Family Bank has fully settled the interest and principal of the Sh2.019 billion medium-term note that it borrowed five years ago to fund growth.
The lender said Tuesday the bondholders have now been paid the full amount with the accrued interest of the final six months, having come in on Monday.
“We wish to thank the investors who participated in the medium-term note. The note supported the bank in its expansion plans and served to strengthen the capital base to be able to increase lending to medium and small-sized enterprises,” said Rebecca Mbithi, Family Bank chief executive.
The bank issued the bond in three tranches of Sh1.297 billion, Sh600.8 million and Sh120.4 million and was arranged by Faida Investment Bank and NIC Capital.

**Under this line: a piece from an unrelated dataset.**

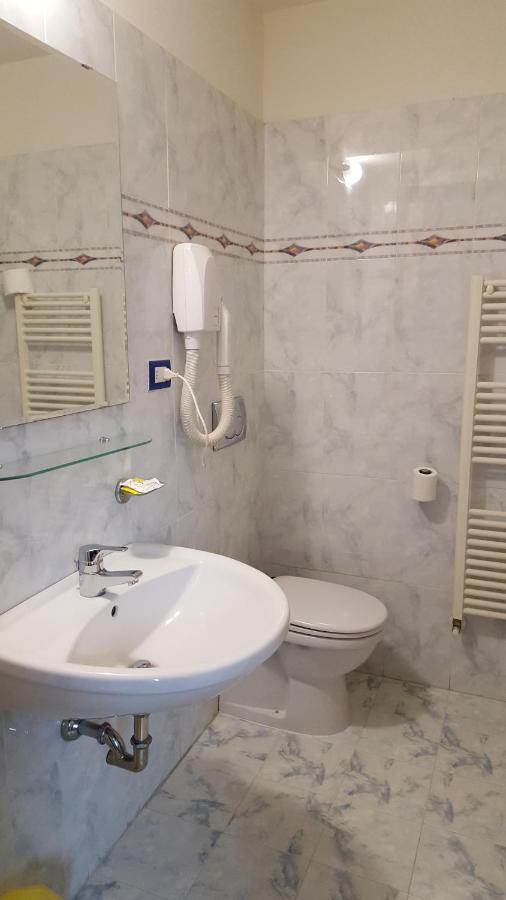 Hotel Margherita Montepiano Bagian luar foto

The mid-tier lender tapped into the bond market in September 2015 to raise money for branch expansion, investment in ICT software, loan book growth and strengthening its capital base.
Family Bank’s redemption of its medium-term notes now leaves the value of outstanding corporate bonds trading on the Nairobi Securities Exchange (NSE) at below Sh19 billion.
There were just five such debt instruments valued at Sh19.1 billion as of December, down from 20 bonds valued at Sh61.9 billion at the end of 2018.
The outstanding bonds include those issued by Stanbic Bank, NCBA, East African Breweries and Real People and Centum Real Estate Limited.
Activity in the corporate bond market in the years leading to 2015 was fairly active until defaults and fraud by Chase Bank and Imperial Bank hurt investor confidence and subsequently discouraged new debt issues.
Centum Real Estate’s Sh2.96 billion and Acorn Project’s Sh2.03 billion bond that were issued last November and October respectively marked the latest additions on the NSE but were both marked by under subscriptions.
Investors are still seeking recourse on their Sh4.82 billion and Sh2 billion Chase and Imperial bonds respectively after the two banks sunk into receivership.
Other firms in which debt investors have lost money include Nakumatt Supermarkets, Athi River Mining Cement and Kaluworks.
With reduced enthusiasm for corporate bonds, companies have turned to alternative sources of funds to fuel their growth.
These include taking loans from local banks and development finance institutions and shareholders besides selling stakes to private equity firms.